E quanto ao impacto provável do Trumpcare —bem, eles literalmente não querem saber.

Quando o Congresso está debatendo projetos de lei importantes, normalmente espera que o Serviço Orçamentário do Congresso avalie a proposta —ou seja, estime seus efeitos sobre a receita, desembolsos e outros objetivos importantes. O serviço orçamentário nem sempre acerta, mas seu histórico é muito bom, se comparado ao de outros órgãos preditivos; ainda mais importante, a agência sempre foi escrupulosa em evitar parcialidade partidária, e portanto funciona como um importante freio para otimismo infundado movido por aspirações políticas.

Mas os republicanos forçaram a aprovação do Trumpcare em diversos comitês importantes literalmente na calada da noite, sem esperar pela avaliação do Serviço Orçamentário do Congresso —e já vem denunciando esta agência preventivamente, porque é provável que ela conclua que as medidas aprovadas levariam milhões de pessoas a perder sua cobertura de saúde.

A verdade é que embora o serviço tenha errado sobre algumas coisas, no que tange à reforma da saúde, em geral se saiu bastante bem na projeção dos efeitos de um novo e importante projeto como aquele —muito melhor, de fato, do que a maioria das pessoas que hoje o atacam, as quais previram desastres que jamais aconteceram.

E quaisquer que sejam as críticas que alguém possa ter quanto à sua avaliação, ainda não divulgada, sobre a nova proposta, ela certamente será menos ridícula do que a absurda afirmação de Tom Price, o secretário da Saúde e Serviços Humanos, de que "ninguém se prejudicará financeiramente" como resultado de um plano que corta drasticamente os subsídios e eleva as mensalidades dos planos de saúde de milhões de norte-americanos.

Mas o ponto não é determinar que análises de política de saúde têm maior probabilidade de acertar, e sim que Trump e companhia estão atacando a legitimidade de qualquer um que questione suas afirmações.

O Serviço Orçamentário do Congresso, em outras palavras, está na mesma posição da mídia noticiosa —que Trump definiu como "inimiga do povo": não porque ela erre no que noticia, apesar das objeções do presidente, mas sim por ousar contestá-lo sobre qualquer coisa.

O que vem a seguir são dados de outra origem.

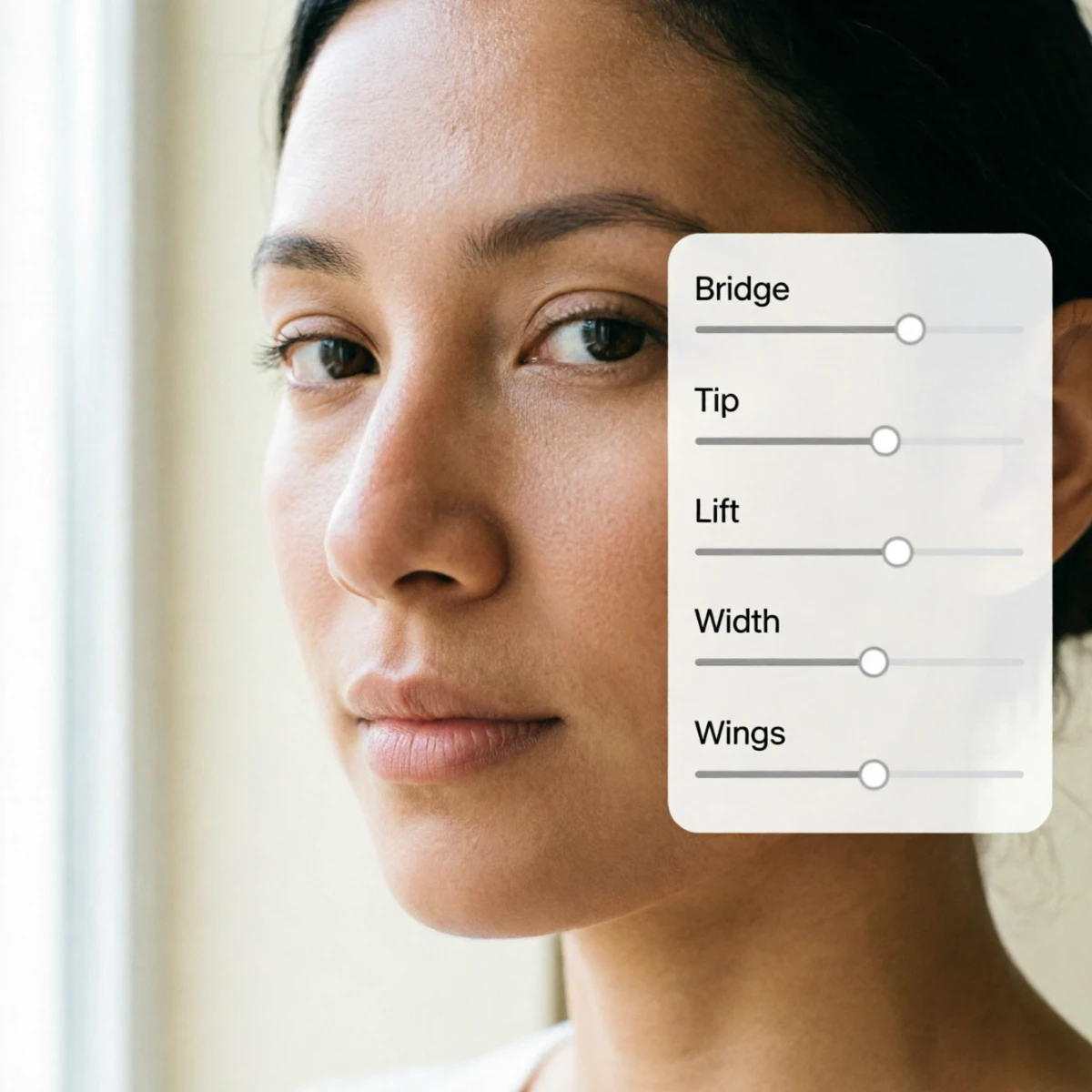 Rhinoplasty before and after AI simulator with bridge tip lift width and wing controls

"Inimigo do povo", é claro, é uma expressão historicamente associada a Stálin e outros ditadores. Isso não acontece por acaso. Trump não é ditador —pelo menos ainda não— ,mas é evidente que tem instintos totalitários.
E boa parte, talvez a maioria, de seu partido está disposta a acompanhá-lo alegremente, aceitando até mesmo as mais bizarras teorias de conspiração. Por exemplo, imensa maioria dos republicanos acredita nas acusações basicamente insanas de Trump sobre ele ter sido alvo de escutas ordenadas por Obama.

Assim, não cometa o erro de descartar o ataque ao Serviço Orçamentário do Congresso como apenas uma disputa técnica. Ele é parte de uma batalha muito maior, e o que está realmente em jogo é determinar se ignorância é força, e se o homem da Casa Branca deve ser o único árbitro da verdade.